====== Records to process ======
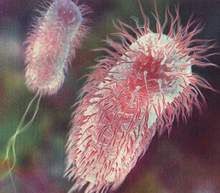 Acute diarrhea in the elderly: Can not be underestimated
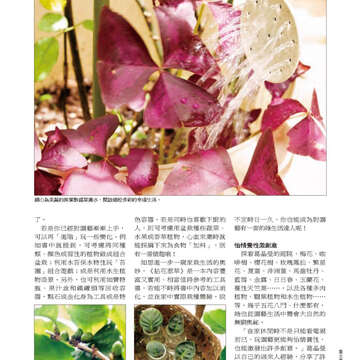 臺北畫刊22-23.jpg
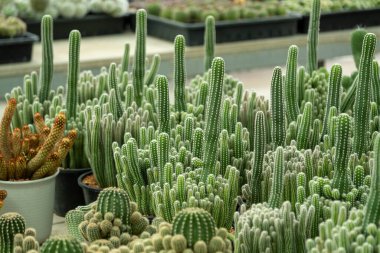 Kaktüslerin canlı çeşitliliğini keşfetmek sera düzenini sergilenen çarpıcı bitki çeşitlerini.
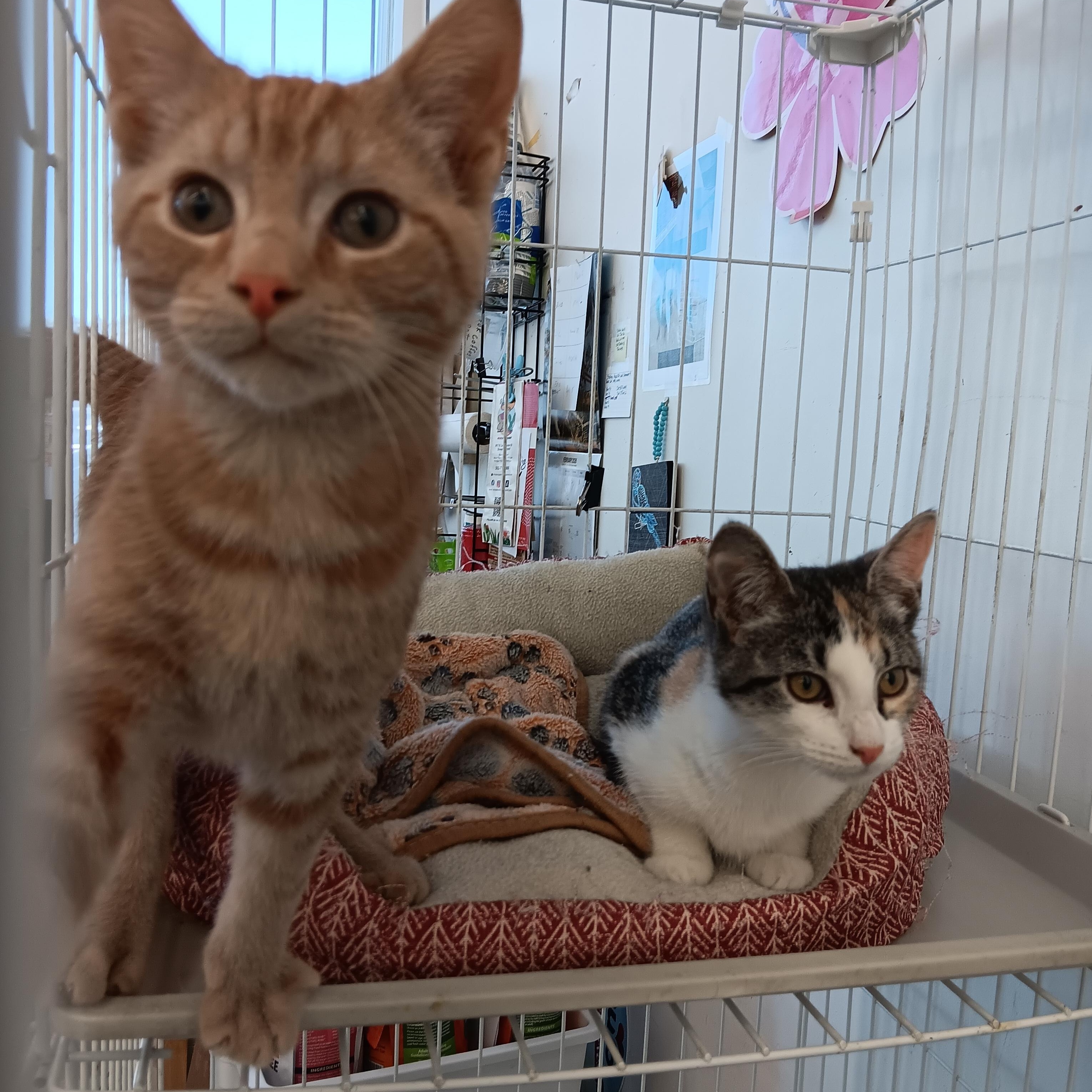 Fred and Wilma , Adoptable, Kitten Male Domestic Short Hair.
======
====== Records to process ======
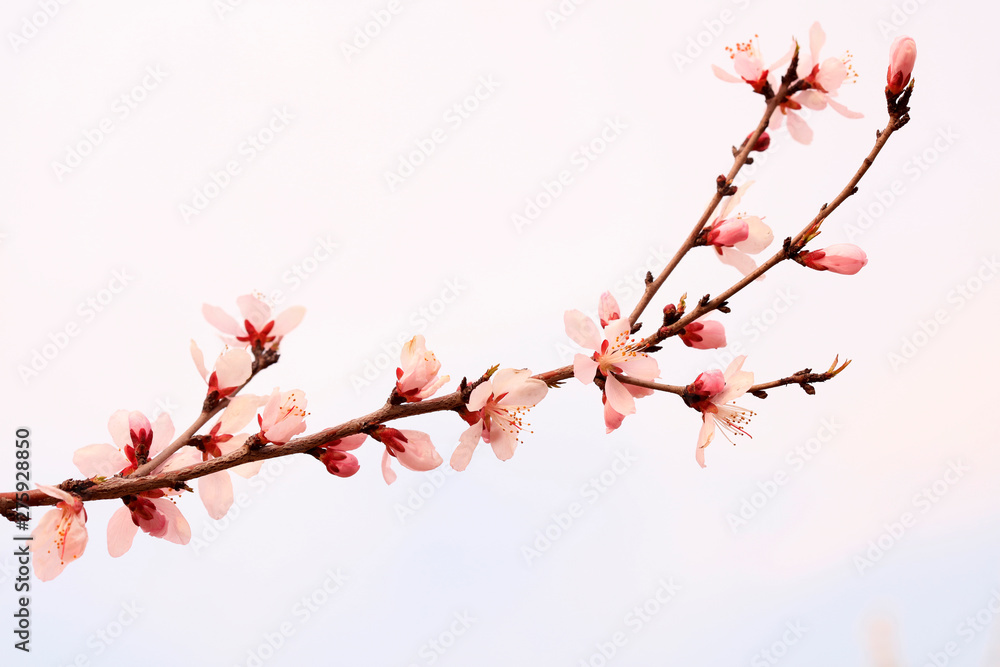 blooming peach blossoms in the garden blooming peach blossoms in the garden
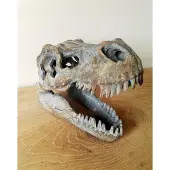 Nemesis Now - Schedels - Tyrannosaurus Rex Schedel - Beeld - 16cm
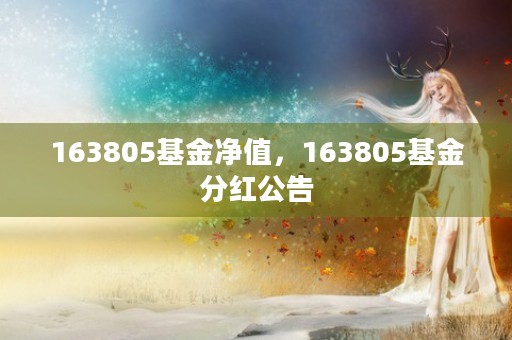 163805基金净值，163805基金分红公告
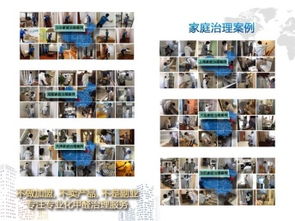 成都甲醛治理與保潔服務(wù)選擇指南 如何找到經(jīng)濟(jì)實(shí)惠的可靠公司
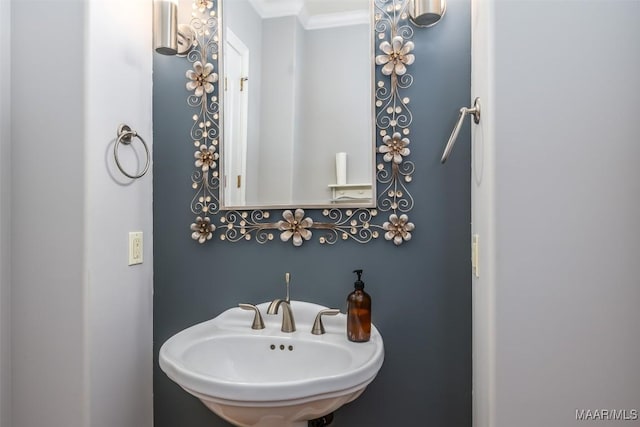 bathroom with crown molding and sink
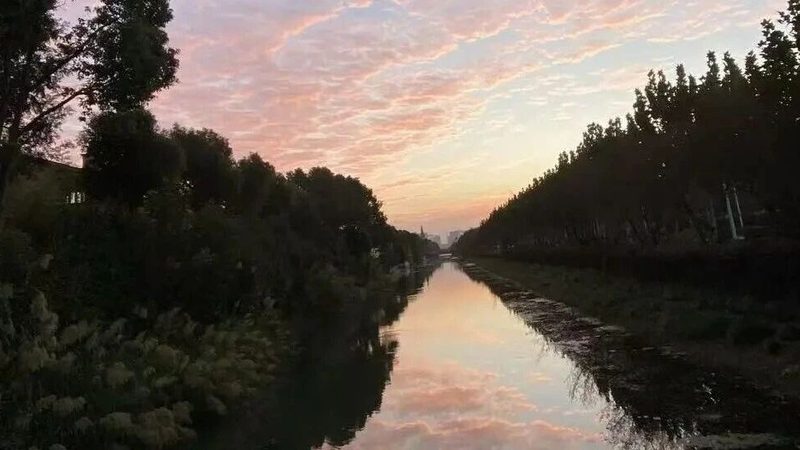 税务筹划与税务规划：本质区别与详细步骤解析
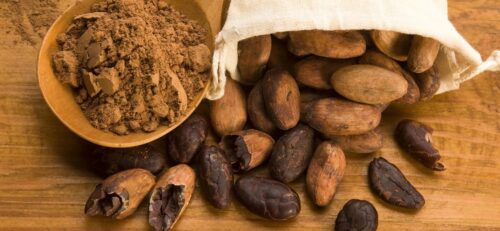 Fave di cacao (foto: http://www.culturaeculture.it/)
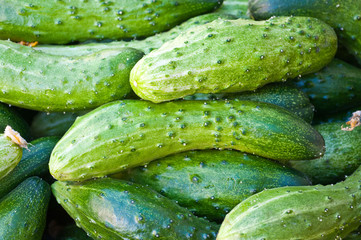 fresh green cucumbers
======
### Work instruction
Output exactly, and only, the lines of the entries above from the one with "Acute diarrhea in" up to and including the one with "Fred and Wilma"; pictures are to be left out.

### Result of this task
 Acute diarrhea in the elderly: Can not be underestimated
 臺北畫刊22-23.jpg
 Kaktüslerin canlı çeşitliliğini keşfetmek sera düzenini sergilenen çarpıcı bitki çeşitlerini.
 Fred and Wilma , Adoptable, Kitten Male Domestic Short Hair.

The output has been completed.